Repository files navigation

Broad Band LAP

Developed in the Laboratory of Atmospheric Physics of Thessaloniki, Greece.

To process the data from broadband instruments of LAP.

Some plots and reports should be found here.

This is partial used in operational procedures (github.com/thanasisn/CS_id is still in use).

Table of Contents

Data status overview

Name Rows Vars Values Size Fill Bytes/Value
BBDB 16457760 80 5.03e+08 2.6 GiB 38.2% 5.45
BBDB meta 11430 82 488883 2.2 MiB 52.16% 4.62
TrackerDB 8046816 23 72415582 155.3 MiB 39.13% 2.25
TrackerDB meta 2973 9 14501 184.0 KiB 54.2% 12.99
Raw files hashes 709231 4 2836924 3.7 MiB 100% 1.35
Total 25228210 198 578759963 2.7 GiB NA% 5.03

Table: Datasets sizes on 2024-05-22

What it does

For CHP-1

  • Digest raw data
    • Signal from CHP-1
    • Tracker "async"
    • CHP-1 internal temperature from thermistor
  • Bad data ranges flagging
    • From manual set execution ranges
    • From acquisition signal physical limits
  • Converts signal to radiation
    • Computes temperature correction when possible
  • Plots
    • Overview of Clean/Dirty signal
    • Daily signal with and without dark
    • Overview of Direct radiation measurements
    • Daily Direct radiation measurements

For CM-21

  • Digest raw data
    • Signal from CHP-1
  • Bad data ranges flagging
    • From manual set execution ranges
    • From acquisition signal physical limits
  • Converts signal to radiation
  • Plots
    • Overview of Clean/Dirty signal
    • Daily signal with and without dark

Other processes

  • Quality Check of radiation data (QCRad)
    • Flags data using mainly the algorithm of C. N. Long and Y. Shi (2006)
  • Imports data from github.com/thanasisn/TSI
    • Sun_Dist_Astropy Sun - LAP distance
    • TSI_TOA TSI at TOA at LAP
    • TSI_1au TSI
    • TSI_source TSI data source
  • Imports atmospheric pressure data from proxies
    • Pressure Atmospheric pressure at LAP
    • Pressure_source Data source
  • Keeps an md5sum of all input files to check for bit rot and other data corruption.

Tools

  • inspect_days_DB.R interactive plot of some data in the DB
  • inspect_days_Lap.R interactive plot of some data from source files
  • inspect_days_Lap_sirena.R interactive plot of some data from source files

TODO

  • Replace and compare processes from "CM_21_GLB"
    • All the major stages have been replaced
    • Secondary processes are to be ported
  • Process more instruments
  • Interactive plot of db variables
  • Import libRadtran data
  • May import CSid

Details

Development and Design

Some aspects on the implementation of this project.

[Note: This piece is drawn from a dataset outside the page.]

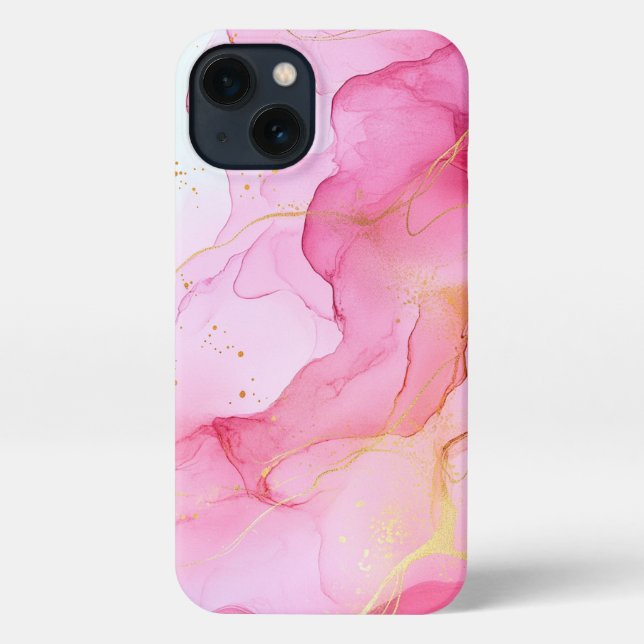 Coque iPhone alcool rose art girly or (Verso)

  • We use a dataset of parquet files as a database for all measurements and additional data.
  • The parquet dataset use one file for each month, this facilitates:
    • Syncing of the data between different computers.
    • Partial processing when needed without using the dataset function.
  • It should be easy to migrate to a pure database like duckdb or sqlite.
  • There are some files with extra meta data for the data in the database and the analysis performed.
  • We use features of the arrow library, and also data.table when it is more suitable or clear to code.
  • The analysis should be able to be performed with under 8Gb of RAM, but is not assured.
  • There is a trade-of with the disk usage/wearing, especially when starting from scratch.
  • New data should be easy to be added on daily base on all levels.
  • New process and analysis should be easy to added for all data.
  • Goal to become a framework for all broadband instruments data analysis and manipulation.

Documentation and usage

There is no centralized documentation for the project. Although you can refer to:

  • Readme.md or other markdown files for a relevant overview
  • Summary notes on the start of each script
  • Comments inside each script
  • Compiled reports from each script